In 2002, it was a case of bad compared to worse. While the overall stock market was down severely, the performance of all but a handful of stock sectors was just as bad or worse.
For example, while the average U.S. diversified stock-market mutual fund went down 22 percent, according to preliminary results through Dec. 26 from mutual-fund research company Lipper, investors who stuck to their science and technology stocks saw them plummet 43 percent. Those who held on to telecom saw them drop more than 41 percent.
Elsewhere, the story's not as bad but much the same.
Last year, large-cap growth funds fell 29 percent, large-cap value funds fell 19 percent, small-cap growth funds fell 30 percent, small-cap value funds fell 9.8 percent, mid-cap growth funds fell 27 percent, and mid-cap value funds fell 13 percent.
Gold and real estate were the exceptions. Real-estate funds gained 4 percent and gold had a spectacular 63 percent rise.
In an environment fraught with fear of war with Iraq, terrorism at home and an uncertain economy, said Tom Roseen, a research analyst at Lipper, "People are thinking maybe there is some safety in the yellow metal."
"The trick," he said, "is business managers and corporate executives are not confident, so we're not seeing corporate spending growing."
Those with their money in gold remain few. There's only about $3 billion in gold-stock mutual funds, out of a total of $6.6 trillion.
The other contrarian sector was real estate. The clue here: The moment stocks started to suffer, real estate took off.
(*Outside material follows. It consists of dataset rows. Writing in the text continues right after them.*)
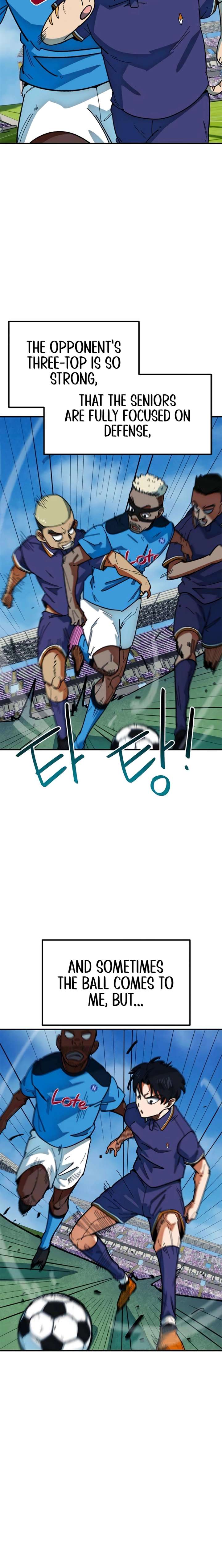 Read I’m Being Misunderstood as a Soccer Genius EN Manga Online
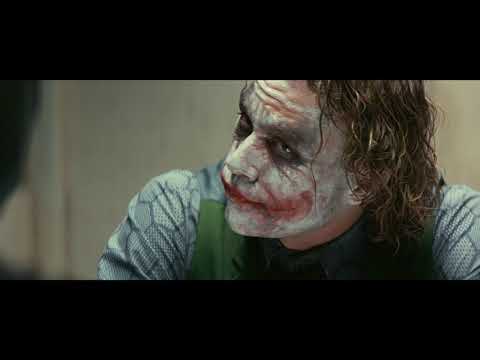 A melhor cena do Coringa (Heath Ledger)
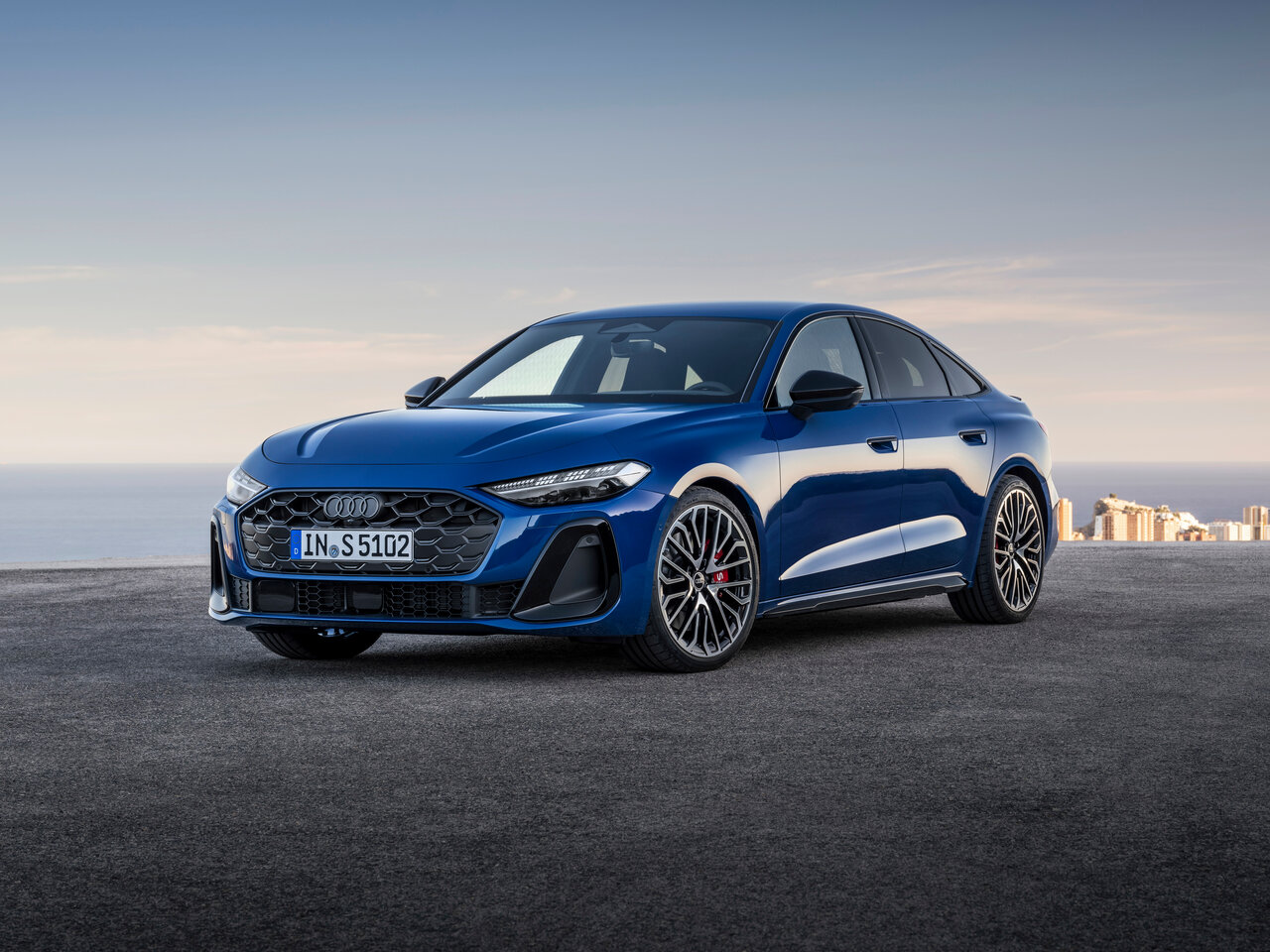 Audi S5 III (B10) лифтбек sportback, 2024–н.в.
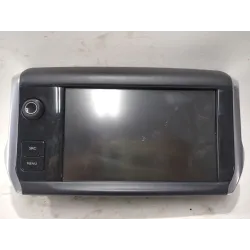 Recambio de pantalla multifuncion para peugeot 208 i (ca_, cc_) 1.2 vti 82 referencia OEM IAM 980530178003  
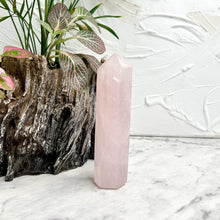 Load image into Gallery viewer, ROSE QUARTZ TOWER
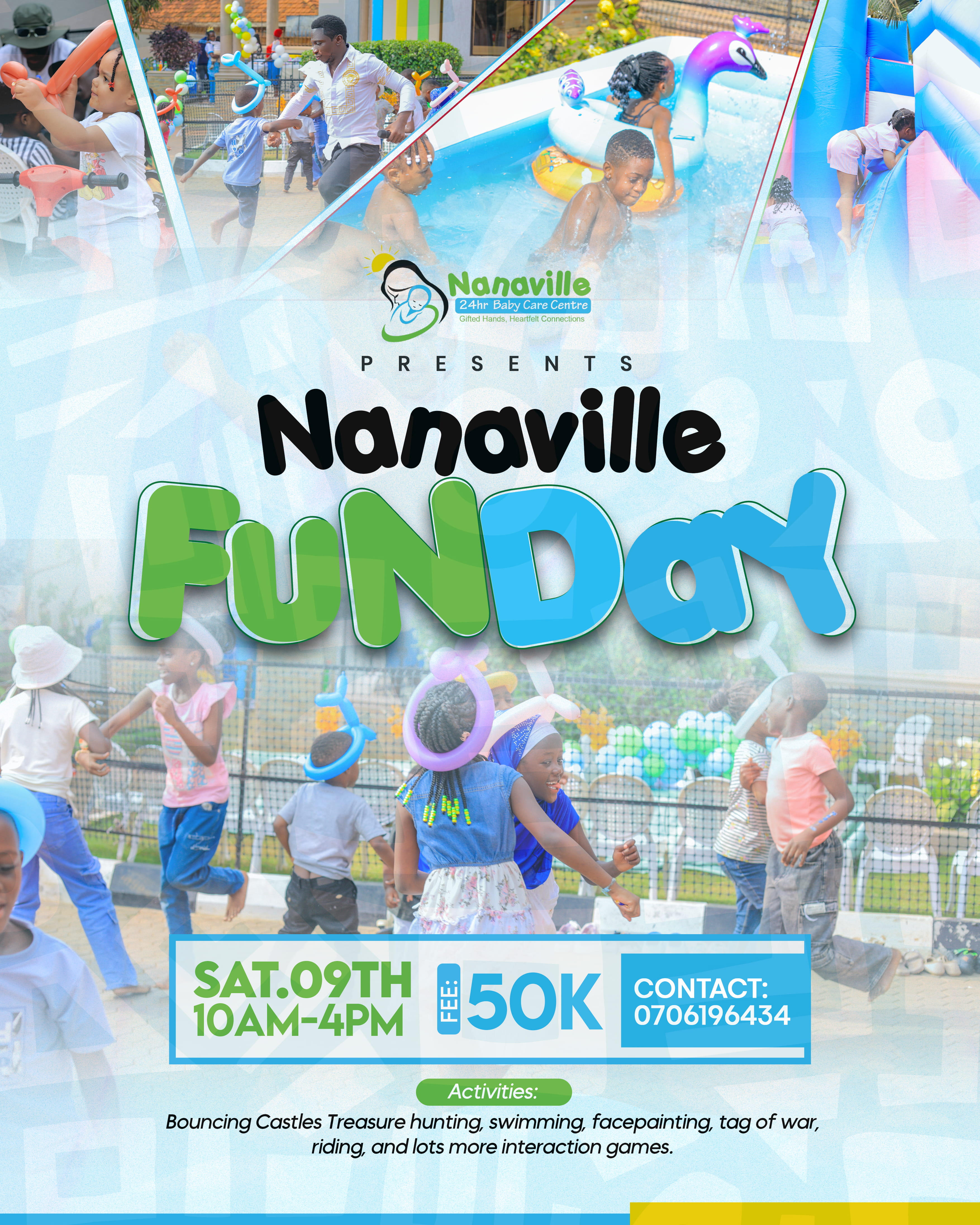 FunDay This Saturday, 9th May 2026 at Nanaville Babycare Centre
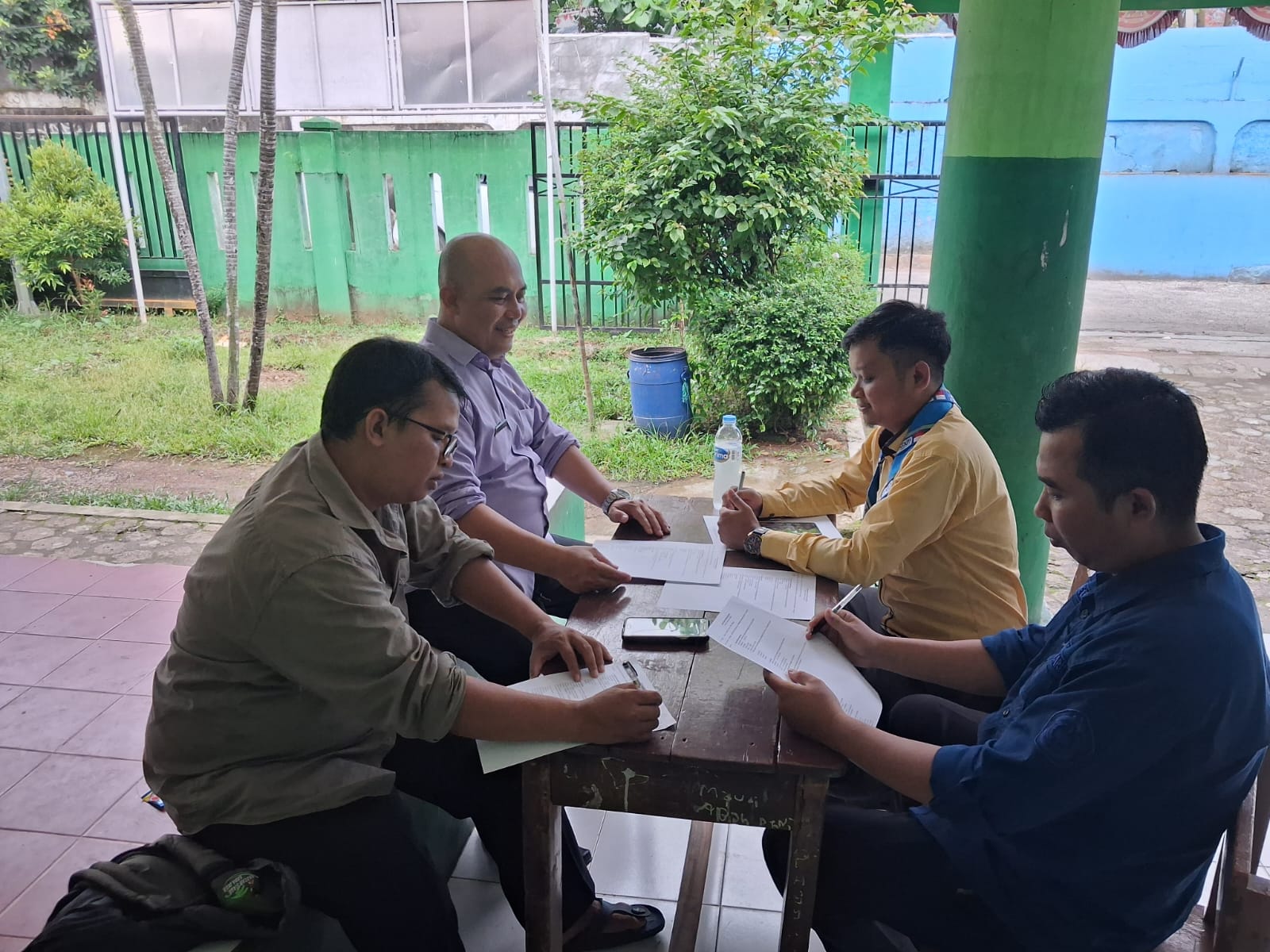 Jelang Supervisi Gudep, Kwarran Cileungsi Adakan Rapat Tim Inti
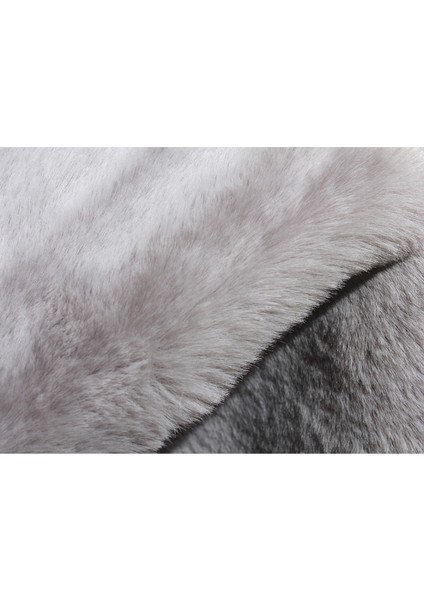 Yumuşak Yıkanabilir Miki Şekilli Gri Post Halı modelleri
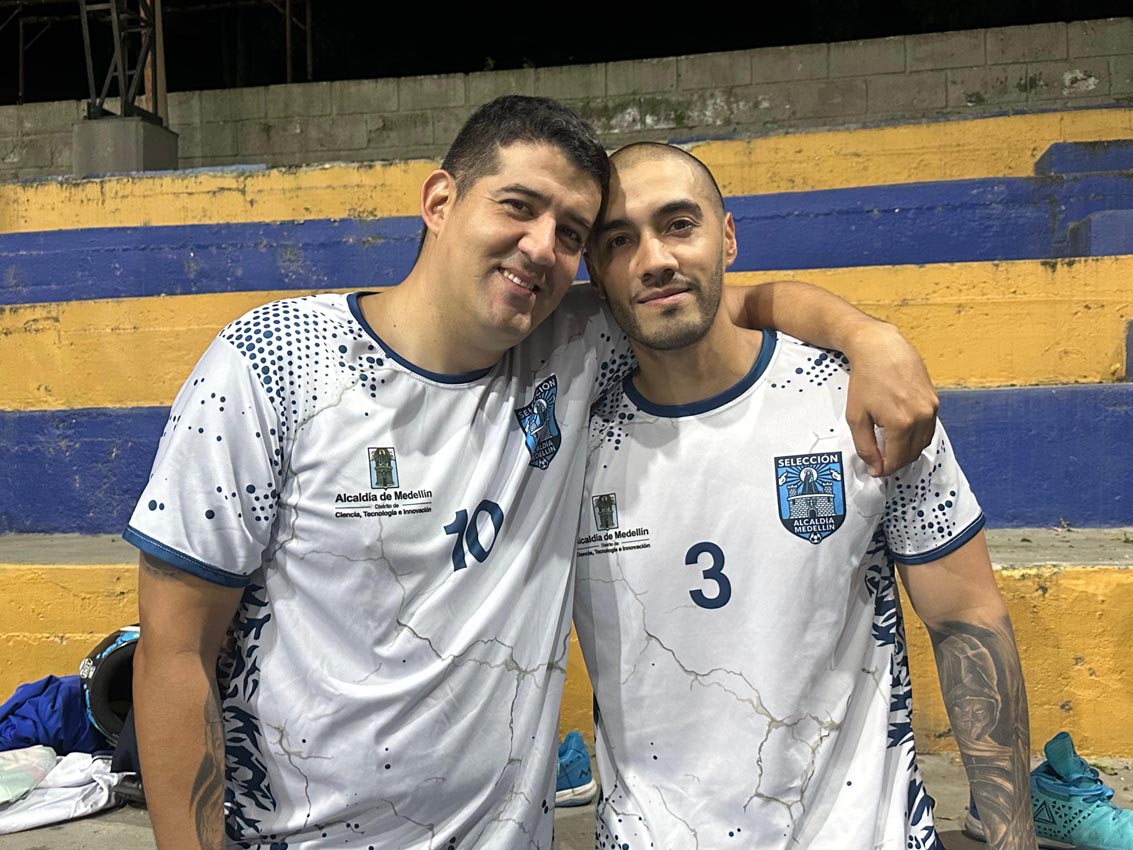 Olimpiadas Distritales 2025 - Fútbol de salón élite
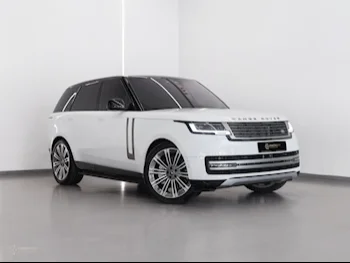 Land Rover  Range Rover  Vogue HSE  2023  Automatic  48,150 Km  8 Cylinder  Four Wheel Drive (4WD)  SUV  White  With Warranty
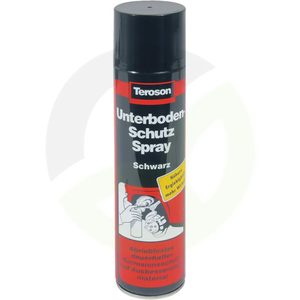 Zaščita podvozja črna - sprej 400 ml - 3-delni set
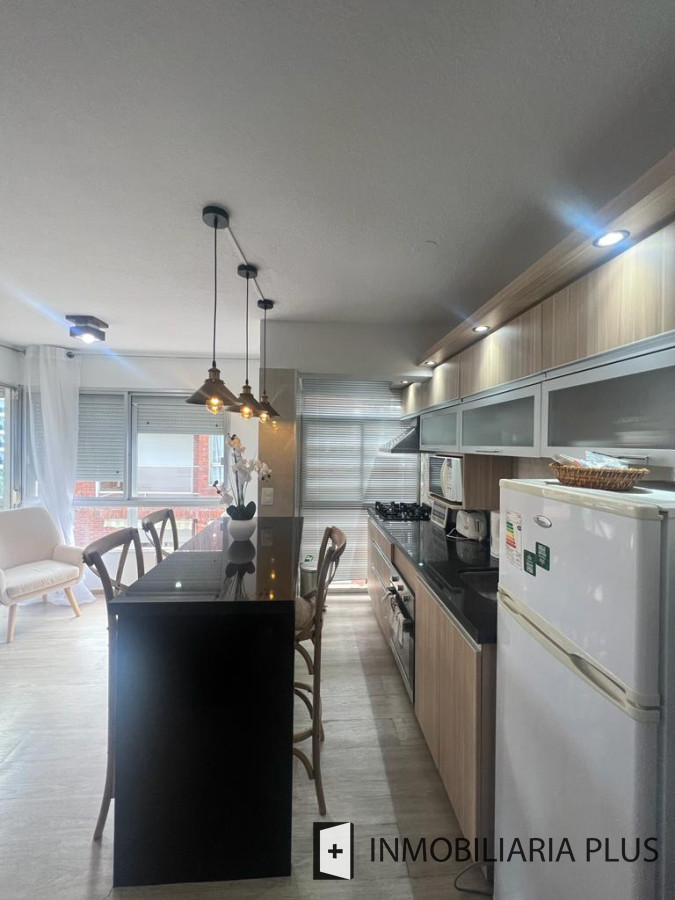 Apartamento ID.1073 - Venta de apartamento de 1 dormitorio con barbacoa en la pastora de Punta del este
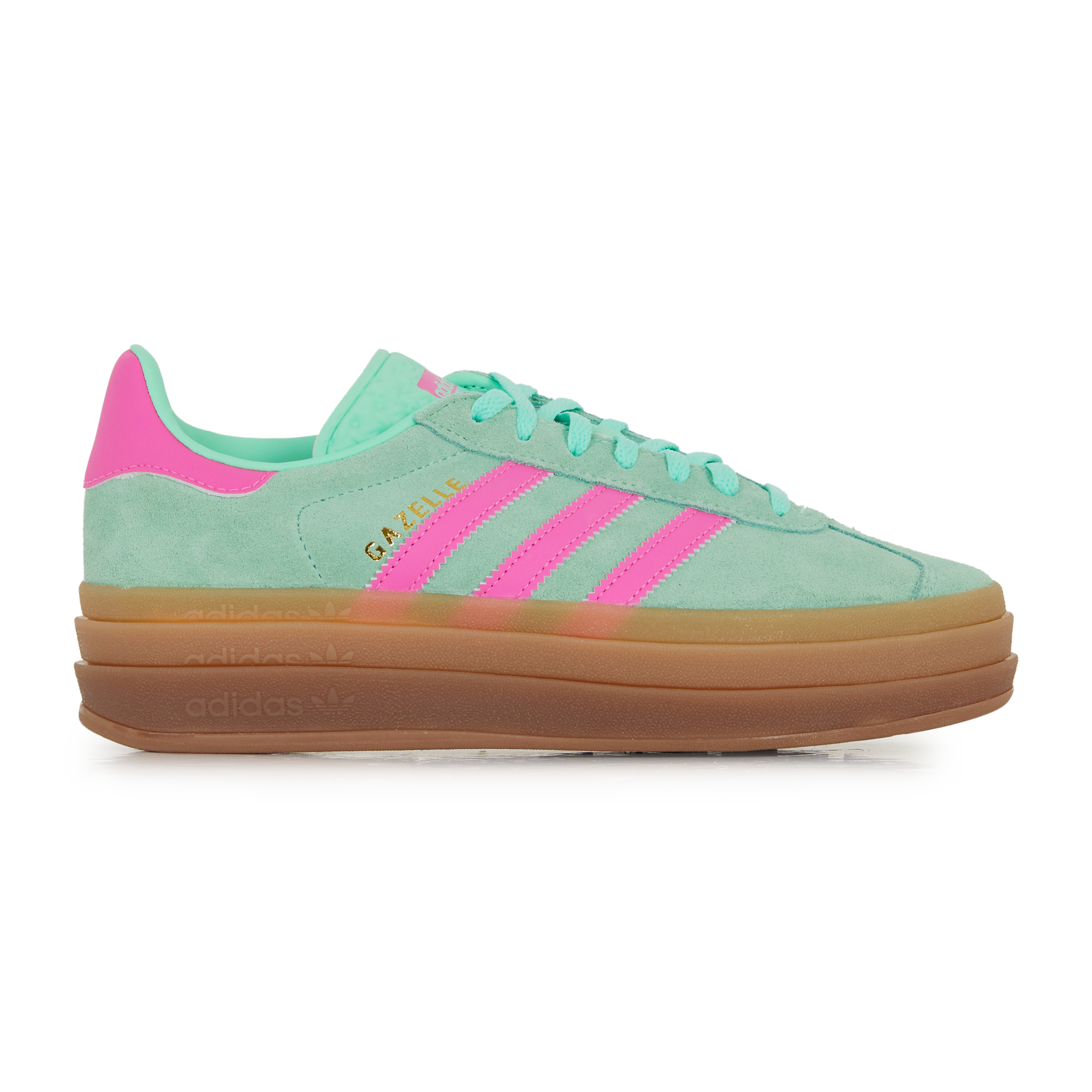 sectie verloving Raadplegen ADIDAS ORIGINALS GAZELLE BOLD VERT/ROSE - SNEAKERS FEMME | Courir.com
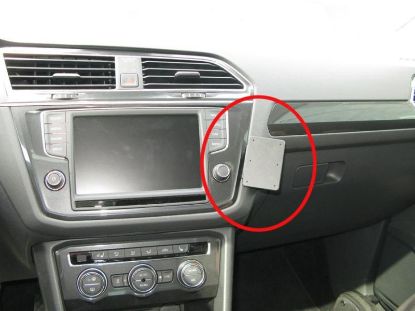 Trim Frame VW Tiguan 16- alla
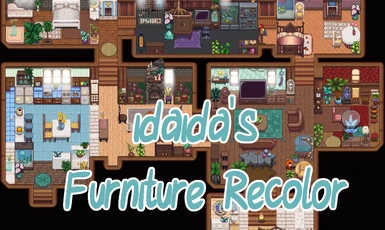 IdaIda's Furniture Recolor (for AT)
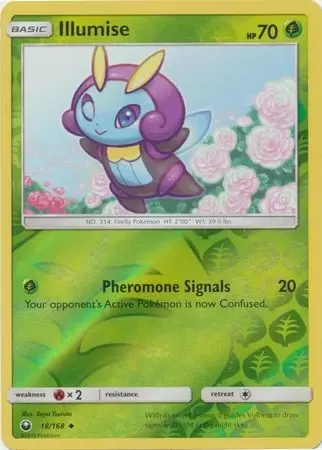 Celestial Storm - Illumise Reverse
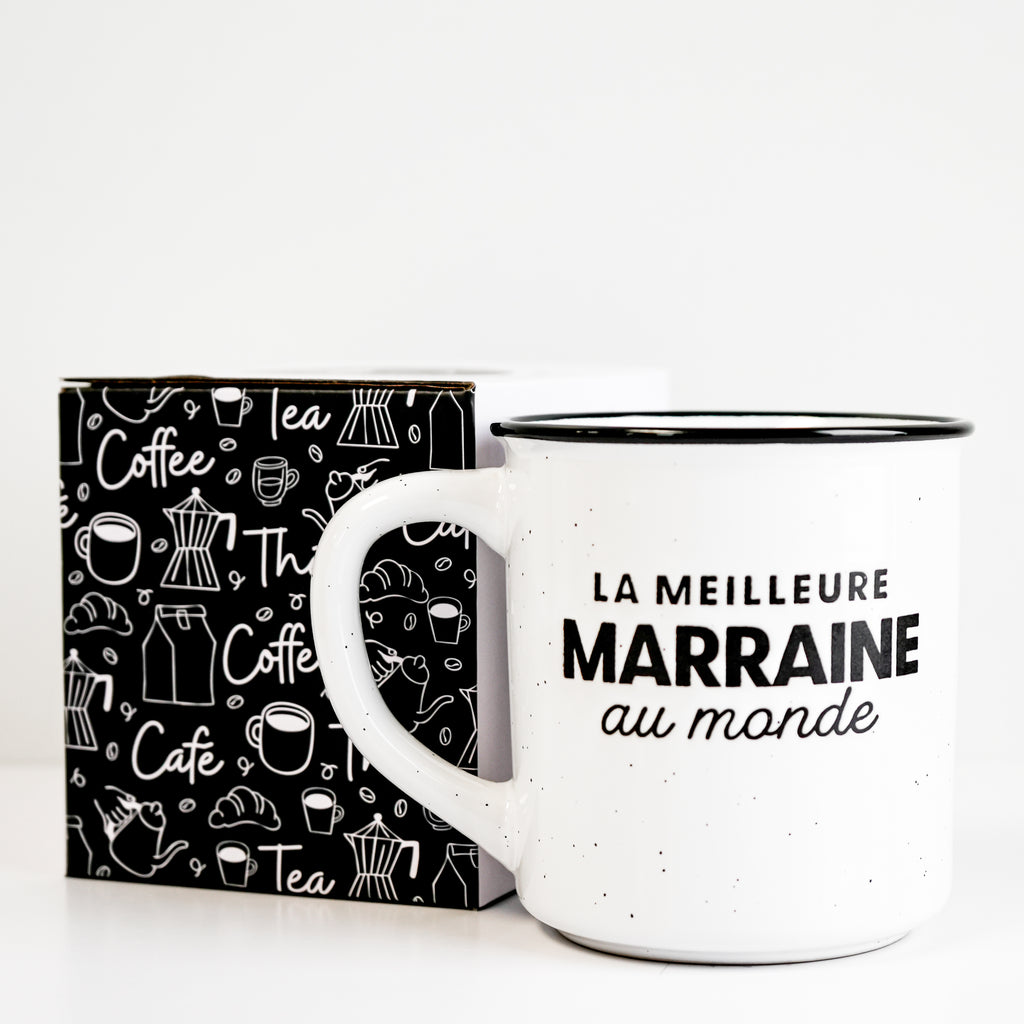 Tasse - ''la meilleure marraine au monde''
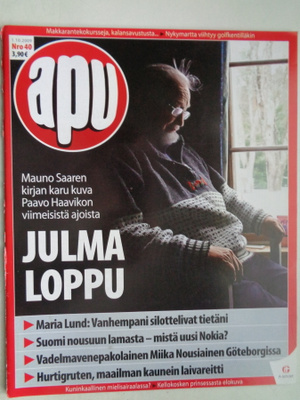 Apu lehti Nro 40/209 (4.8)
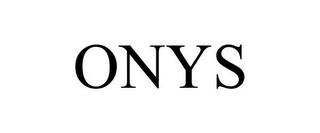 ONYS trademark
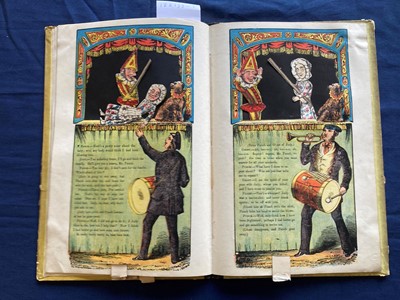 Lot 21 - Dean's Moveable Book. The Royal Punch & Judy...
Real-estate mutual funds have had three very nice years, posting a cumulative return of 12.7 percent, compared with an 11.5 percent decline for the average stock fund in the same period.
Last year, real-estate funds posted a 3.43 percent total return.
People buy real-estate funds for diversification, because they act in a way that is quite different from stocks and bonds, and for the dividends that real-estate investment trusts (REITs) pay.
Cohen & Steers Capital Management, a firm that specializes in REITs, said REITs offered a yield, as of Sept. 30 last year, of 7 percent, compared with 1.42 percent average on today's money-market fund, according to Bankrate.com.
Experts believe the uncertainty to be so large that it's close to impossible to devise a sector strategy for 2003.
For example, the clouds are gathering over real-estate prices and commercial office vacancies, so the outlook for REITs isn't as bullish as it was a year ago.
Or if you want to make a bet on rising energy prices, there's no consensus among Wall Street's market strategists on how long any increases in oil will last, even if war begins in the Middle East.
For 2003, it's unusually difficult to look ahead, said Mari Adam, president of Adam Financial Associates, a personal financial advisory firm in Boca Raton, Fla.
"We have so much hanging over our head in terms of international conflict. That will have a big effect on oil prices," she said.
"A lot of it is: Do we have a war, or do we not have a war? Is the economy improving or not improving? We have never had a situation where all these fundamentals are up in the air at the same time."